See The Music, Hear The Pictures, With 'Fantasia'

Mickey Mouse has everything under control in 'The Sorcerer's Apprentice.'

Whenever I’m asked to name my favorite Disney movie, I usually hesitate for a moment before answering “Fantasia.”  Not because my love for the film is any less than, say, Dumbo or Bambi, but because “Fantasia” is so strikingly different than any Disney film before or since, except for—you guessed it—"Fantasia 2000.”

Ten years ago, Disney released a fantastic box set, “Fantasia Anthology,” that included just about anything a fan of the two films could want, including concept art, “making of” special features, and even an entire deleted scene, Debussy’s “Clair de Lune.”  The “Fantasia Anthology” box set has long since gone out of print.  Now, a new Blu-ray release of both films aims to be the definitive edition for home viewing, and for the films themselves, it is. “Fantasia” has never looked better.
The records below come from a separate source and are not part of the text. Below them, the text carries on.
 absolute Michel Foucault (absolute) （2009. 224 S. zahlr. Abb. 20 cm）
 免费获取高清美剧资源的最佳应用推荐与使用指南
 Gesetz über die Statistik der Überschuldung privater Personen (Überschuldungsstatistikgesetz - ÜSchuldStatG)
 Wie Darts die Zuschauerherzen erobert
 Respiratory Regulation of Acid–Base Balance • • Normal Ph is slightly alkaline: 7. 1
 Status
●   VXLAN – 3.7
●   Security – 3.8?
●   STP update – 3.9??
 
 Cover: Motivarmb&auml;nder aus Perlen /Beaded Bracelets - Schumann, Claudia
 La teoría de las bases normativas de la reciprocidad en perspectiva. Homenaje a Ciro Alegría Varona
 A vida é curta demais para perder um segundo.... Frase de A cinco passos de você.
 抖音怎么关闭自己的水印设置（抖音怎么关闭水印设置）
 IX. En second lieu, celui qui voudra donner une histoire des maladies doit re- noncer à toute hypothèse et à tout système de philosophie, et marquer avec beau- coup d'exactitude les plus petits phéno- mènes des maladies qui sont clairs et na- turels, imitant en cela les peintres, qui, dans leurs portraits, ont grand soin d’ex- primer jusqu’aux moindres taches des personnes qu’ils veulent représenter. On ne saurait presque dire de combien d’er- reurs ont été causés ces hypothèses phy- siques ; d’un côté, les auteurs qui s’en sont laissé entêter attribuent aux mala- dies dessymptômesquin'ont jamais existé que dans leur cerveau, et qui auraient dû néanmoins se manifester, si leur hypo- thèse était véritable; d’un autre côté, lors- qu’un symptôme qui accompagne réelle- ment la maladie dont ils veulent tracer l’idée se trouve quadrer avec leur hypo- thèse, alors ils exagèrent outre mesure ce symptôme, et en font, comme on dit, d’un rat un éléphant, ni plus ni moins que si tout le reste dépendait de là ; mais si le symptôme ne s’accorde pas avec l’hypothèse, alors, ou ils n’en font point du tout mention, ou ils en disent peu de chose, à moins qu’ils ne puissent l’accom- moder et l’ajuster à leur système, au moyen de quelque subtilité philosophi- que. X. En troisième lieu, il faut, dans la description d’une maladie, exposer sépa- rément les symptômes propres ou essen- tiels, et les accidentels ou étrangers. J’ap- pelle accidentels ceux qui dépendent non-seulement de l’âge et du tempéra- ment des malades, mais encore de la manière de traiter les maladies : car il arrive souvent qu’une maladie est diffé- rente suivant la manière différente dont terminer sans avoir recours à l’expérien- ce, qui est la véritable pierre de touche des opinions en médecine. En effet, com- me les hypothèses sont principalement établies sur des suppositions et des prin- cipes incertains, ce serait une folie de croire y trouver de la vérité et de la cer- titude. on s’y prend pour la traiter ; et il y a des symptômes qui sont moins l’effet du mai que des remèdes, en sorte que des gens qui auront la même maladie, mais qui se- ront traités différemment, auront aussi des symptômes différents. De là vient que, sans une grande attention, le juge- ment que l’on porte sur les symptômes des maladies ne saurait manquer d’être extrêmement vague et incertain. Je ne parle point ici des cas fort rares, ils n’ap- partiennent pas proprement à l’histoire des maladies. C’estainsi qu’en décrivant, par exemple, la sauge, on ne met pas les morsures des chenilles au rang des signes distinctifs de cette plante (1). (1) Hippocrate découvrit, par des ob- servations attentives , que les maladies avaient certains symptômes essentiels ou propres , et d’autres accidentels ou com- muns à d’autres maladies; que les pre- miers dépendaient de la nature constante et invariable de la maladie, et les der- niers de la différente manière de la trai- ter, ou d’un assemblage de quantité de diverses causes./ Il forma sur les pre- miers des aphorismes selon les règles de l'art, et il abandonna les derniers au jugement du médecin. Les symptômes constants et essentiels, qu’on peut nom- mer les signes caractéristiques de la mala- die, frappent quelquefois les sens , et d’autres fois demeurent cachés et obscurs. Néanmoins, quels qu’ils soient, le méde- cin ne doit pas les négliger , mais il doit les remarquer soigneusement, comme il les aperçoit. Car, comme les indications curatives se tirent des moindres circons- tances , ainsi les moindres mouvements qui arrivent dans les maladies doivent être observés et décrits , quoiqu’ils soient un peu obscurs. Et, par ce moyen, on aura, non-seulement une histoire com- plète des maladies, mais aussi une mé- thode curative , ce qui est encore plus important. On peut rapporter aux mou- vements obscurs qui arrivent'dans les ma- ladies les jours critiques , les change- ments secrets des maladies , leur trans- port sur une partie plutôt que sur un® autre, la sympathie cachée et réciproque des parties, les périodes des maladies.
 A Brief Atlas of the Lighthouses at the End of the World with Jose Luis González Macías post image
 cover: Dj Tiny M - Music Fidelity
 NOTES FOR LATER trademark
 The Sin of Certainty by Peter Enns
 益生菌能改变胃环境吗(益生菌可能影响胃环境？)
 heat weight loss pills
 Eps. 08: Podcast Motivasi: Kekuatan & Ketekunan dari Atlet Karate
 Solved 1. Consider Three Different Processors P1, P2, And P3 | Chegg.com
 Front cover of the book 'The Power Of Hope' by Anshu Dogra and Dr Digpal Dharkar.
But for the collector, I wouldn’t sell that “Fantasia Anthology” box set just yet.

“Our Most Exciting Adventure”

Walt Disney was riding high on the artistic success of “Snow White and the Seven Dwarfs" (1937), and already into production on "Pinocchio," when he conceived of a short film starring Mickey Mouse set to Paul Dukas’ “The Sorcerer’s Apprentice.”  The short was a logical extension of Disney’s “Silly Symphonies” series, which emphasized music—and visual experimentation.  After considering Arturo Toscanini for the musical director, Disney eventually hired Leopold Stokowski to conduct the orchestra.  Stokowski, like Disney, was excited about the potential for merging the “high” art form of classical music with the popular world of animation.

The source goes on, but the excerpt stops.